There is also a remove overload that accepts another string. When called, all its occurrences are removed from the original string. This overload has an optional argument that states whether comparison should be done in the default case-sensitive (Qt::CaseSensitive) or case-insensitive (Qt::CaseInsensitive) way:

QString str = QStringLiteral("Abracadabra");
str.remove(QStringLiteral("ab"), Qt::CaseInsensitive); // str = "racadra"

To concatenate strings, you can either simply add two strings together or you can append one string to the other:

QString str1 = QStringLiteral("abc");
QString str2 = QStringLiteral("def");
QString str1_2 = str1+str2;
QString str2_1 = str2;
str2_1.append(str1);

Accessing strings can be divided into two use cases. The first is when you wish to extract a part of the string. For this, you can use one of these three methods: left(), right(), and mid() that return the given number of characters from the beginning or end of the string or extract a substring of a specified length, starting from a given position in the string:

QString original = QStringLiteral("abcdefghij");
QString l = original.left(3); // "abc"
QString r = original.right(2); // "ij"
QString m = original.mid(2, 5); // "cdefg"

The second use case is when you wish to access a single character of the string. The use of the index operator works with QString in a similar fashion as with std::string, returning a copy or non-const reference to a given character that is represented by the QChar class, as shown in the following code:

QString str = "foo";
QChar f = str[0]; // const
str[0] = 'g'; // non-const

In addition to this, Qt offers a dedicated method—at()—that returns a copy of the character:

QChar f = str.at(0);

Tip

You should prefer to use at() instead of the index operator for operations that do not modify the character, as this explicitly sets the operation.

The string search and lookup

The second group of functionality is related to searching for the string. You can use methods such as startsWith(), endsWith(), and contains() to search for substrings in the beginning or end or in an arbitrary place in the string. The number of occurrences of a substring in the string can be retrieved by using the count() method.

Tip

Be careful, there is also a count() method that doesn't take any parameters and returns the number of characters in the string.

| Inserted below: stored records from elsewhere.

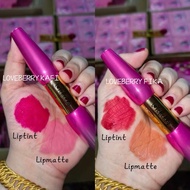 LOVEBERRY LIPMATTE LIPTINT OMBRE KOREAN (2 IN 1)
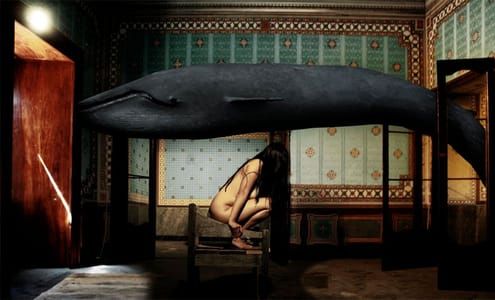 Artwork Title: A whale came to me and told me a secret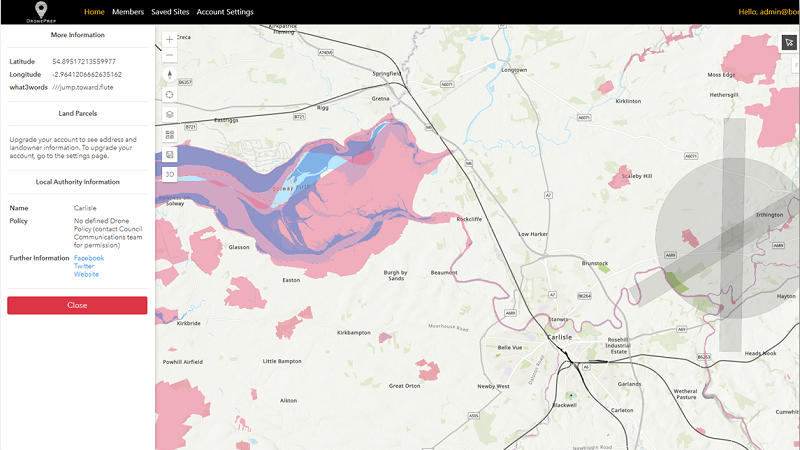 Drone Flight Planning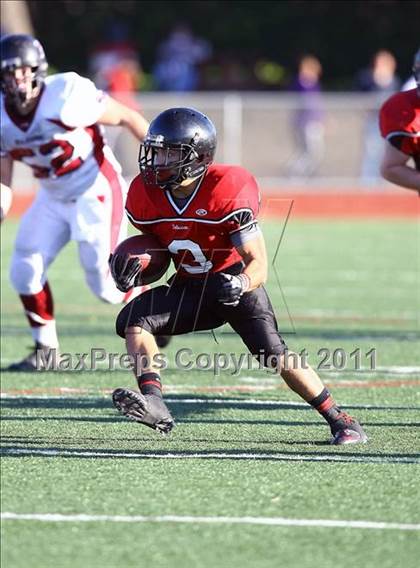 Thumbnail 1 in Healdsburg @ Salesian (CIF NCS D4 Semifinal) photogallery.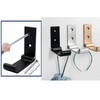 JiangMuXin Wall Hooks, Foldable, Coat Hanger, Wall Hook, Coat Hook,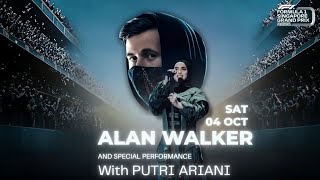 Download lagu Kolaborasi yang memukau! Alan Walker dan Putri Ariani menggemparkan F1 Singapore Grand Prix 2025! mp3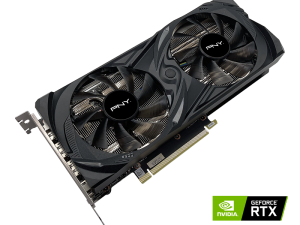 کارت گرافیک استوک PNY GeForce RTX 3060 12GB UPRISING Dual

If you need to know the exact position of the match, you can use indexOf() or lastIndexOf() to receive the position in the string where the match occurs. The first call works by searching forward and the other one searches backwards. Each of these calls takes two optional parameters—the second one determines whether the search is case-sensitive (similar to how remove works). The first one is the position in the string where the search begins. It lets you find all the occurrences of a given substring:

#include <QtDebug>
// ...
int pos = -1;
QString str = QStringLiteral("Orangutans like bananas.");
do {
  pos = str.indexOf("an", pos+1);
  qDebug() << "'an' found starts at position" << pos;
} while(pos!=-1);

Dissecting strings

There is one more group of useful string functionalities that makes QString different from std::string. That is, cutting strings into smaller parts and building larger strings from smaller pieces.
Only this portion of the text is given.